Les mouvements du cheval de Pierre étaient devenus machinaux, son animal était pour lui comme un prolongement de sa personne. Les journées de voyage jusqu'à la capitale avaient été longues. Le trajet plus qu'éprouvant n’avait pas épargné les bêtes et hommes du convoi. L'impressionnante colonne de chariots était variée. De nombreux hommes d’armes voyageaient autour de ceux-ci à cheval ou parfois à pied. Les carioles en grand nombre étaient chargés d'objets ou bien même de servants et domestiques de la famille. Durand ouvrait fièrement la marche avec ses hommes de confiance, les étendards aux couleurs d’Ambroise flottaient le long du convoi. Pierre quant à lui fermait la colonne avec son ami Charles et quelques hommes.

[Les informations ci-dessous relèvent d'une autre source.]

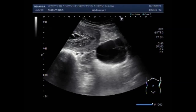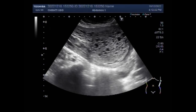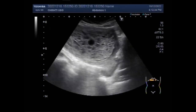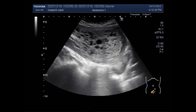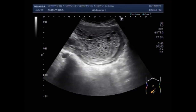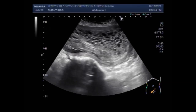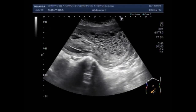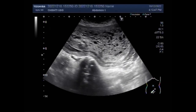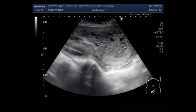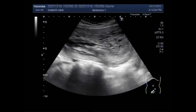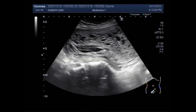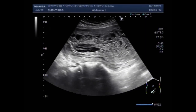Dear viewers, I hope you are all fine. This ultrasound video shows a case of complete hydatidiform mole, also called molar pregnancy. You can see the scanning of the uterus, and the whole length of the uterus is filled with this molar pregnancy from the cervix to the fundus. The normal uterine parenchyma is very poorly and hardly visible.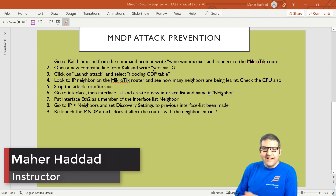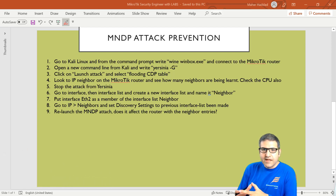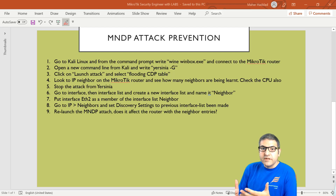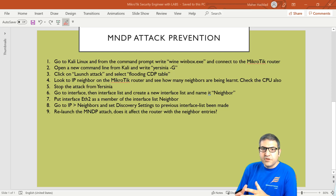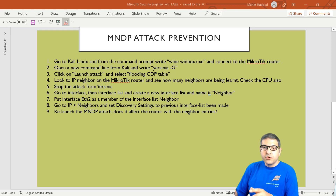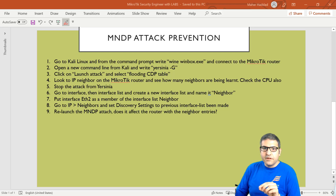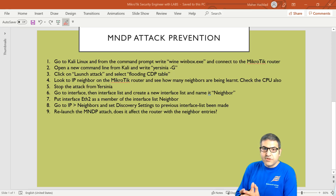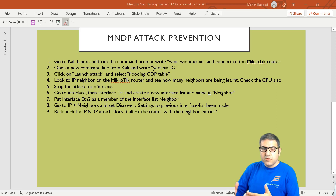Hello everyone, this is Mar Haddad here. In this lecture I'm going to show you how you can prevent your router from MNDP attacks. We will cover what MNDP is, its function, and how hackers use tools to attack your router on MNDP.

Le froid qui persistait au Nord dans les terres du domaine avait fait place peu à peu à une chaleur. Avec l'avancée du convoi, Pierre qui n'était pas habitué à de telles températures, éprouvait un certain inconfort. Il s’était déjà séparé de sa longue cape en peau de loup et portait maintenant des vêtements légers. Il pouvait remercier les servants de la famille qui avaient emporté avec eux un assortiment d'habits plus que conséquent.

Délaissant sa chemise de laine, il pouvait observer les hommes qui fermaient la marche avec lui. Charles chevauchait à sa gauche et n’était pas plus à son aise que lui. Ayant gardé sa longue tenue familiale, son front perlait maintenant à grosses gouttes. Et ce n’était pas le seul, les hommes d’armes qui se trouvaient avec lui ne pouvaient pas enlever leurs équipements et souffraient dans leurs gambisons et cottes de mailles. Le sergent qui se trouvait proche de Pierre n’avait pas fière allure, n'ayant plus une seule goutte d’eau, il avait demandé la gourde de Pierre qui la lui avait alors tendue amicalement.

Pierre, malgré le soleil qui ne cessait de grimper jusqu'à son zénith, se réconforta dans un sens. Les paysans et badauds avec lesquels il avait pu échanger lui avaient bien confirmé que cette fin de printemps était d’une rare chaleur.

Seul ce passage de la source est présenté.